Problem to work on:
Nothing may be left out of the listing below but its images; repeat the rest exactly.

Data segment:
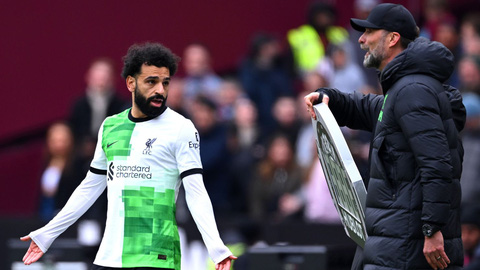 Mohamed Salah tranh cãi với HLV: 'Liverpool sẽ cháy nếu tôi lên tiếng' - Tuổi Trẻ Online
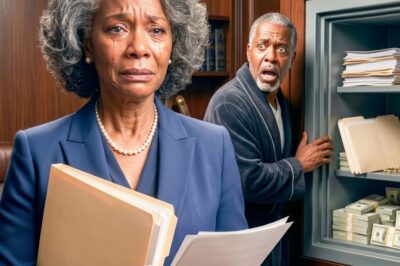 My Husband Hid Money From Me for Years — So I Hid the Divorce Papers in His Safe !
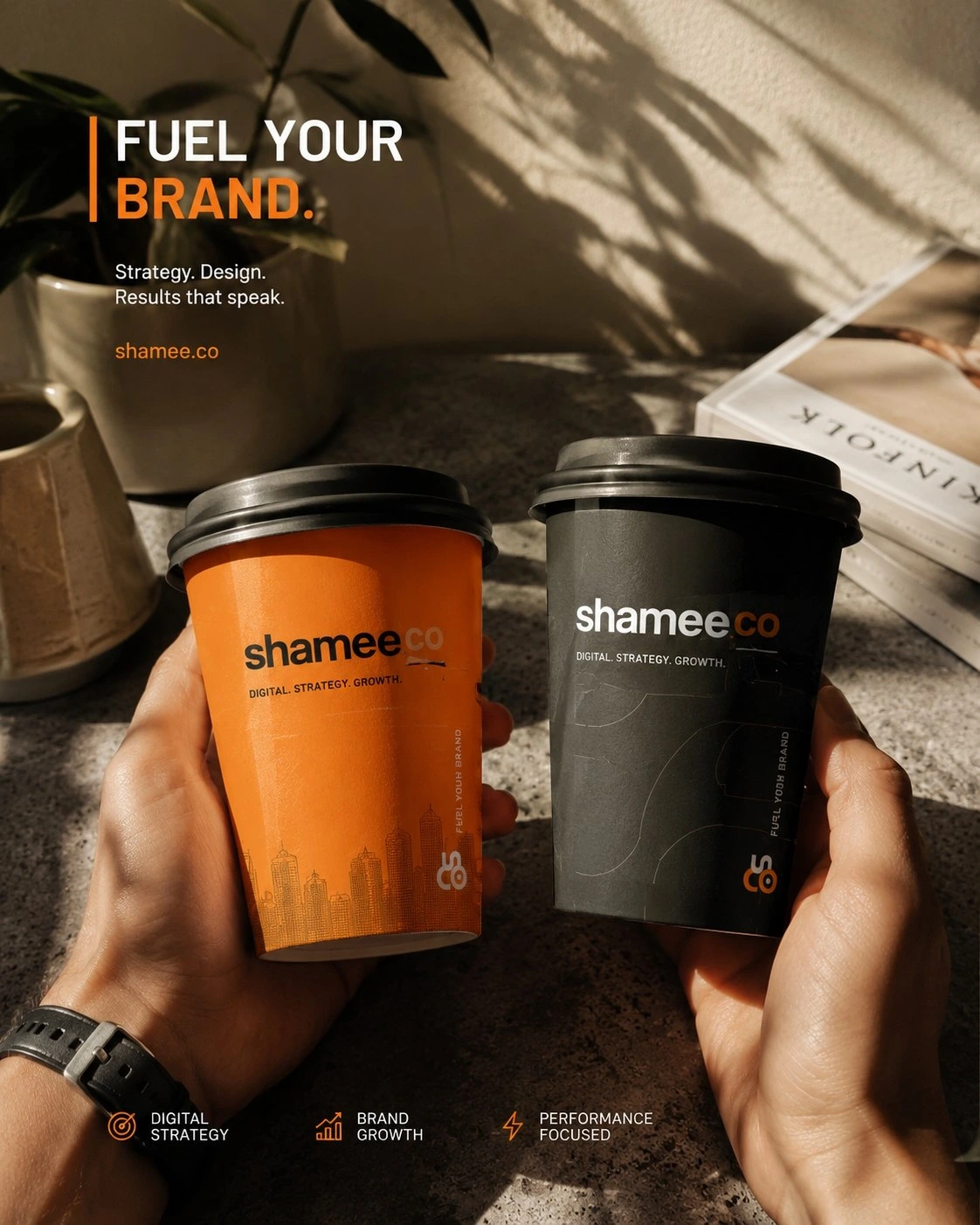BRANDING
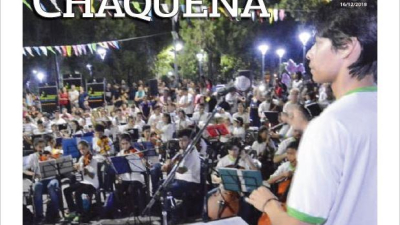 El protagonismo de las escuelas de la provincia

Output below:
 Mohamed Salah tranh cãi với HLV: 'Liverpool sẽ cháy nếu tôi lên tiếng' - Tuổi Trẻ Online
 My Husband Hid Money From Me for Years — So I Hid the Divorce Papers in His Safe !
BRANDING
 El protagonismo de las escuelas de la provincia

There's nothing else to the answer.